→ **About this exercise**:
Below are entries with pictures among them; reproduce exactly, and only, the lines from the one containing "Meuble de rangement" down to the one containing "Desenho de Young", without the pictures.

→ **Record excerpts**:
/---
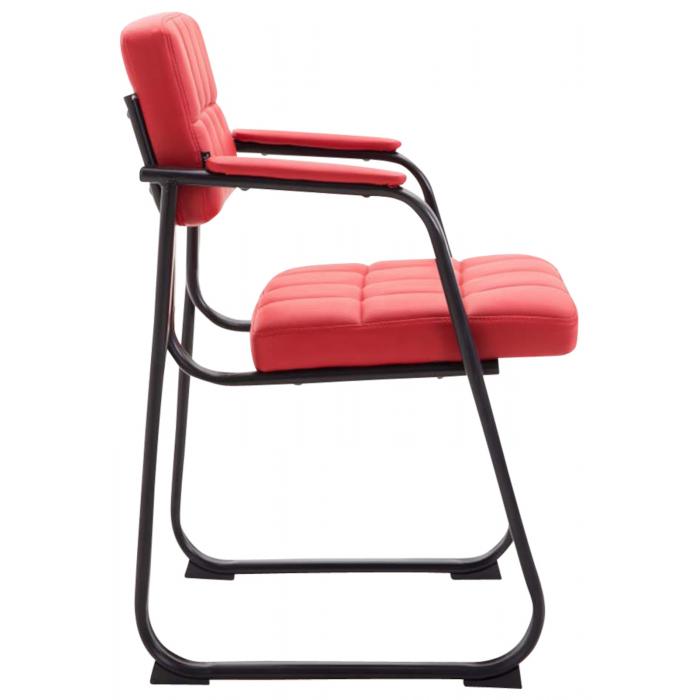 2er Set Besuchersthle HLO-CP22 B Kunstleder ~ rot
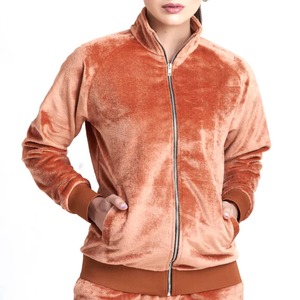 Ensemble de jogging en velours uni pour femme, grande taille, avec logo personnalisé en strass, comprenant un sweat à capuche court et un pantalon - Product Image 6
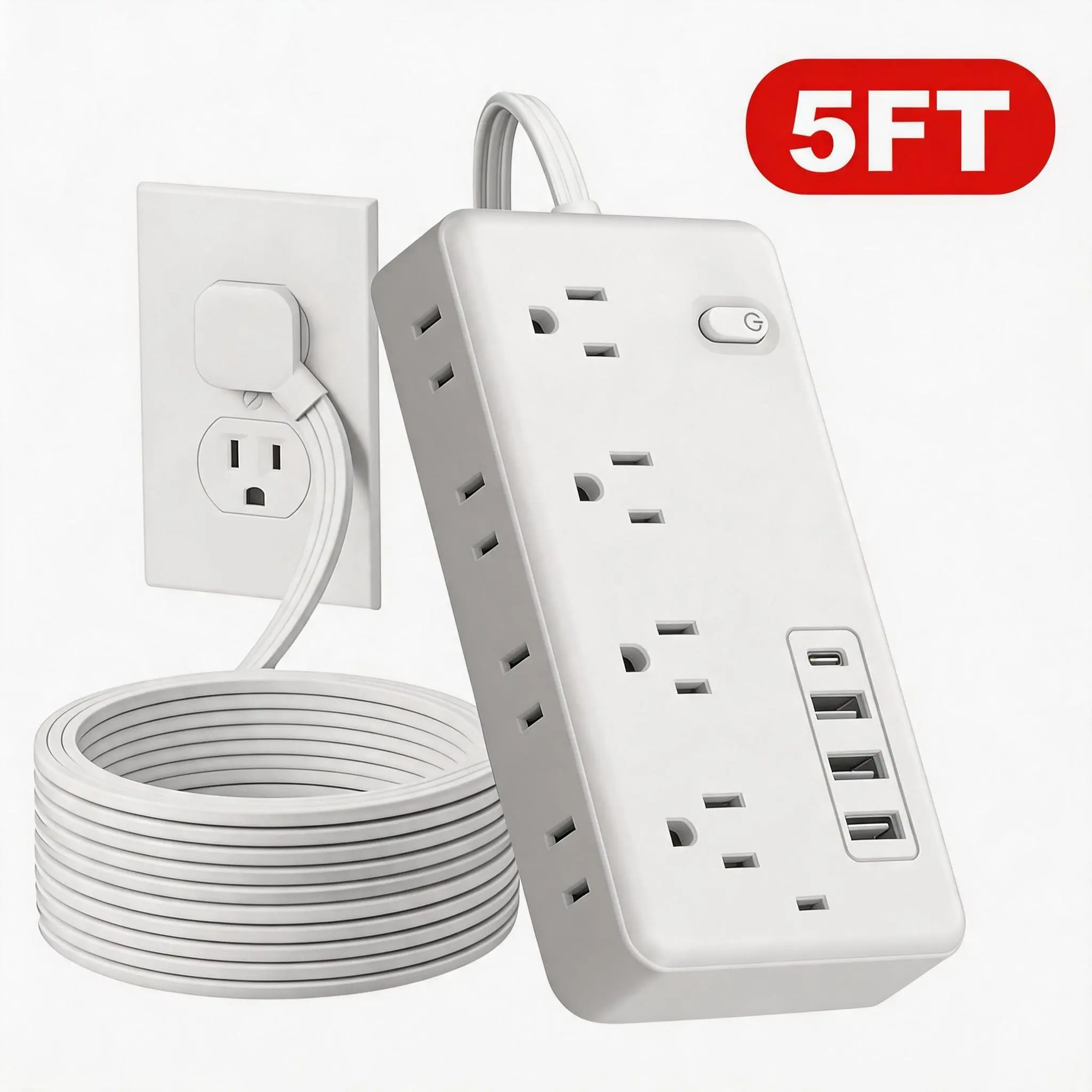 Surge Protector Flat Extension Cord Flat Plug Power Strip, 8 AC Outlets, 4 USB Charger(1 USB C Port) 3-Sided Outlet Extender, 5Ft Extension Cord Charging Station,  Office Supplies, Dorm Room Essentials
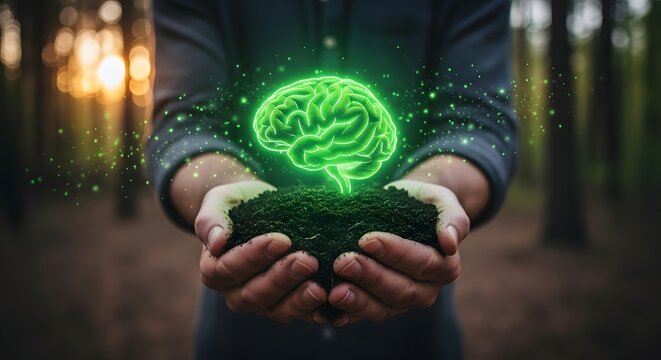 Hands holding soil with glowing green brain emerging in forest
\---
/---
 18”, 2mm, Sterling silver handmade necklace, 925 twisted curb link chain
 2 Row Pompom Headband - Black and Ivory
\---
/---
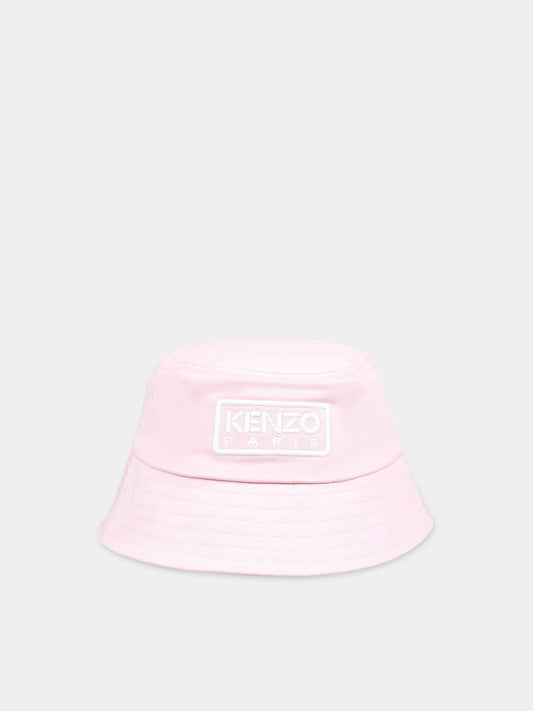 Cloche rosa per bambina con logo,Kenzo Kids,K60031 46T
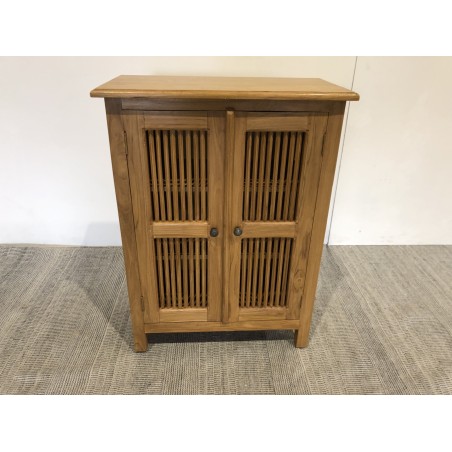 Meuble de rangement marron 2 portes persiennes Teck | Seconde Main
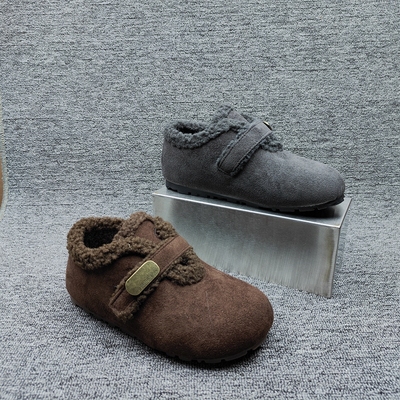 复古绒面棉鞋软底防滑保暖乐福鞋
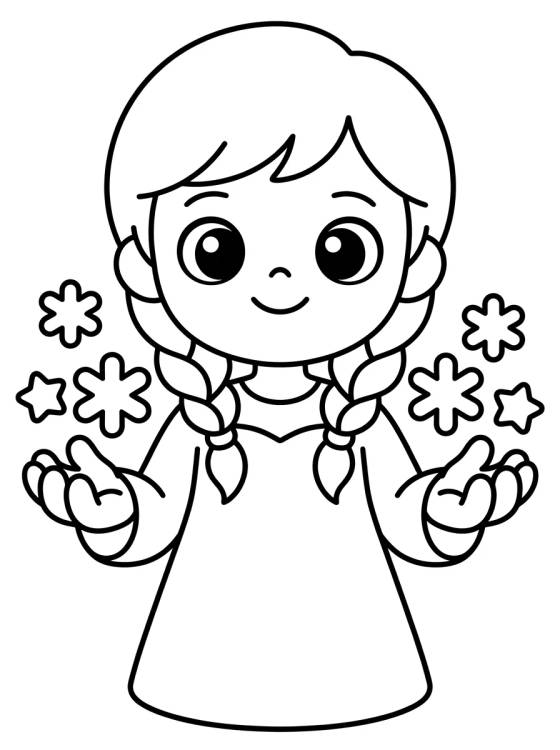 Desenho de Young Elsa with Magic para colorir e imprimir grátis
\---
→ **Written solution**:
 Meuble de rangement marron 2 portes persiennes Teck | Seconde Main
 复古绒面棉鞋软底防滑保暖乐福鞋
 Desenho de Young Elsa with Magic para colorir e imprimir grátis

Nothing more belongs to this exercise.